*** Opening DATA FOR THIS TASK ***
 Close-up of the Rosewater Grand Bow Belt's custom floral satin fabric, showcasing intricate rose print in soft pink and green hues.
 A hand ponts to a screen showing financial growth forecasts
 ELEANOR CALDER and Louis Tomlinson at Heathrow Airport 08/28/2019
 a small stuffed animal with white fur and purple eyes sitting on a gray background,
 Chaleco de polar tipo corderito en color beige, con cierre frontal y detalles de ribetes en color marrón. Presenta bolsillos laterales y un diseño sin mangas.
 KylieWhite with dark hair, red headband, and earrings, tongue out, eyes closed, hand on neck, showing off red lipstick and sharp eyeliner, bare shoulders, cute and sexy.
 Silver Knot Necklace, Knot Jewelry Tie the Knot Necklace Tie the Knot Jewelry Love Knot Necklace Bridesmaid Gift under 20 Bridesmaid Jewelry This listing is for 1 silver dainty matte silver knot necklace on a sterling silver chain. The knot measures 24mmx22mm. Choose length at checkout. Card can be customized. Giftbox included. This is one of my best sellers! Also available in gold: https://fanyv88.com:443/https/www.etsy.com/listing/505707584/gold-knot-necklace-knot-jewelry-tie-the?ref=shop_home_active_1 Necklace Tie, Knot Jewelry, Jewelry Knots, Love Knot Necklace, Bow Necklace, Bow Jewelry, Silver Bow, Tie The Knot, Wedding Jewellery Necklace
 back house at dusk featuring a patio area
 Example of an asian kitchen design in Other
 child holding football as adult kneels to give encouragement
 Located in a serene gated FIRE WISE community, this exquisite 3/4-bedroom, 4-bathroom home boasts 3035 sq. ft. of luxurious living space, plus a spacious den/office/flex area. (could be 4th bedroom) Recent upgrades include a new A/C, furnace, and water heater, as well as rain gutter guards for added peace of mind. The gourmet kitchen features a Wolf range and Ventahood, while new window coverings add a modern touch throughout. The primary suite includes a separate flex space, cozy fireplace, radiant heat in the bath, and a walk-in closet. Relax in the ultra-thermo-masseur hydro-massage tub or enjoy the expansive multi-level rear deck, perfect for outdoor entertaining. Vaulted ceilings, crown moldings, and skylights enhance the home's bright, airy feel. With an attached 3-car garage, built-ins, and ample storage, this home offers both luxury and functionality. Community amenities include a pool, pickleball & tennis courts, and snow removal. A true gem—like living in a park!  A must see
*** Closing DATA FOR THIS TASK ***
• _PROBLEM DETAILS_
In the entries, some lines may contain the word "showing". Give how many do, as a number by itself.

• _WRITTEN RESPONSE_
2